The more deeply we go back into history, the more does the individual, and hence also the producing individual, appear as dependent, as belonging to a greater whole: in a still quite natural way in the family and in the family expanded into the clan [Stamm]; then later in the various forms of communal society arising out of the antitheses and fusions of the clan. Only in the eighteenth century, in ‘civil society’, do the various forms of social connectedness confront the individual as a mere means towards his private purposes, as external necessity. But the epoch which produces this standpoint, that of the isolated individual, is also precisely that of the hitherto most developed social (from this standpoint, general) relations. The human being is in the most literal sense a ζῶον πολιτιχόν[3] not merely a gregarious animal, but an animal which can individuate itself only in the midst of society. Production by an isolated individual outside society – a rare exception which may well occur when a civilized person in whom the social forces are already dynamically present is cast by accident into the wilderness – is as much of an absurdity as is the development of language without individuals living together and talking to each other. There is no point in dwelling on this any longer. The point could go entirely unmentioned if this twaddle, which had sense and reason for the eighteenth-century characters, had not been earnestly pulled back into the centre of the most modern economics by Bastiat, [4] Carey, [5] Proudhon etc. Of course it is a convenience for Proudhon et al. to be able to give a historico-philosophic account of the source of an economic relation, of whose historic origins he is ignorant, by inventing the myth that Adam or Prometheus stumbled on the idea ready-made, and then it was adopted, etc. Nothing is more dry and boring than the fantasies of a locus communis[6]

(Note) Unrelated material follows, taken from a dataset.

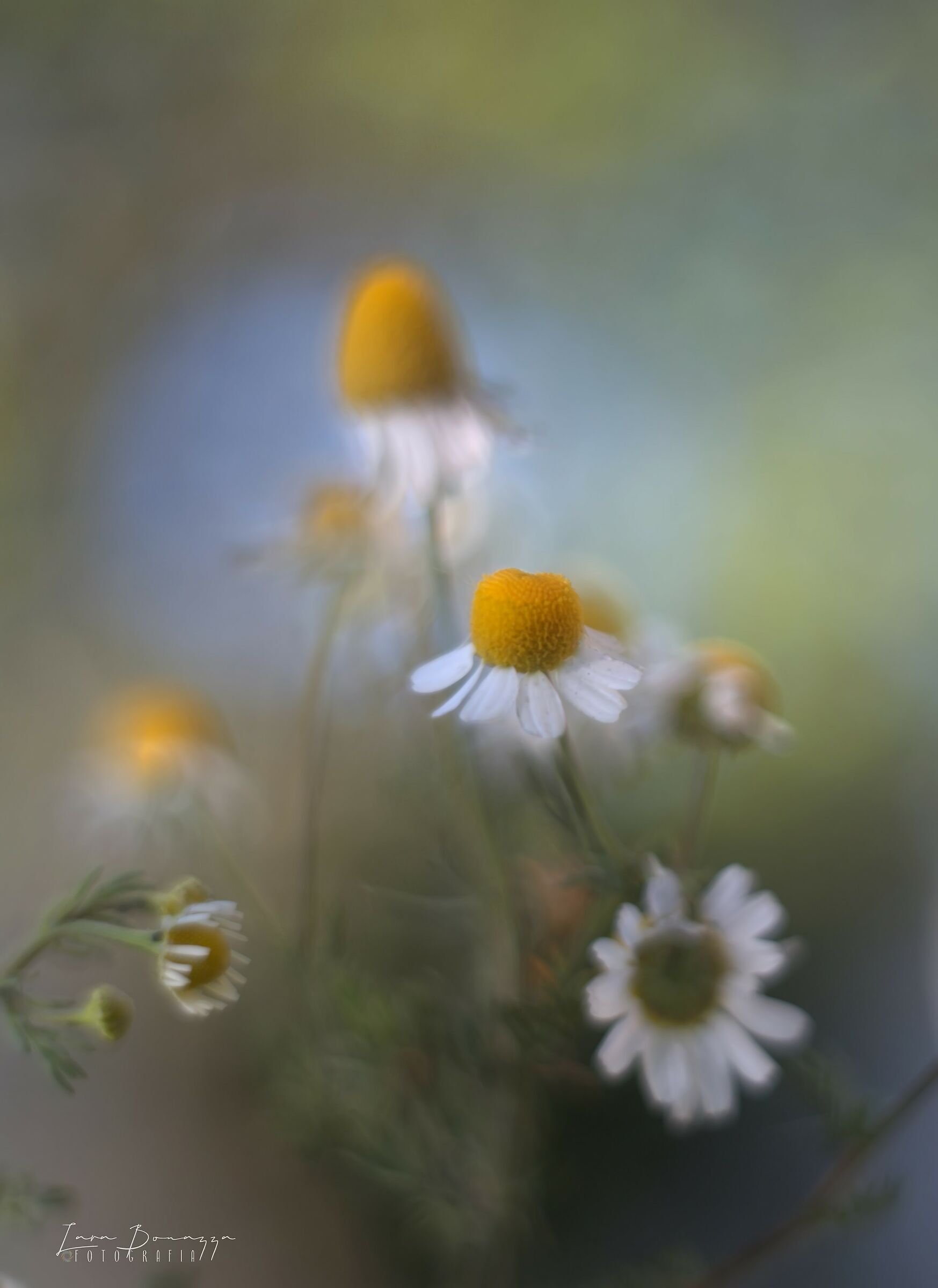 Camomilla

Eternalization of historic relations of production. – Production and distribution in general. – Property

Whenever we speak of production, then, what is meant is always production at a definite stage of social development – production by social individuals. It might seem, therefore, that in order to talk about production at all we must either pursue the process of historic development through its different phases, or declare beforehand that we are dealing with a specific historic epoch such as e.g. modern bourgeois production, which is indeed our particular theme. However, all epochs of production have certain common traits, common characteristics. Production in general is an abstraction, but a rational abstraction in so far as it really brings out and fixes the common element and thus saves us repetition. Still, this general category, this common element sifted out by comparison, is itself segmented many times over and splits into different determinations. Some determinations belong to all epochs, others only to a few. [Some] determinations will be shared by the most modern epoch and the most ancient. No production will be thinkable without them; however even though the most developed languages have laws and characteristics in common with the least developed, nevertheless, just those things which determine their development, i.e. the elements which are not general and common, must be separated out from the determinations valid for production as such, so that in their unity – which arises already from the identity of the subject, humanity, and of the object, nature – their essential difference is not forgotten. The whole profundity of those modern economists who demonstrate the eternity and harmoniousness of the existing social relations lies in this forgetting. For example. No production possible without an instrument of production, even if this instrument is only the hand.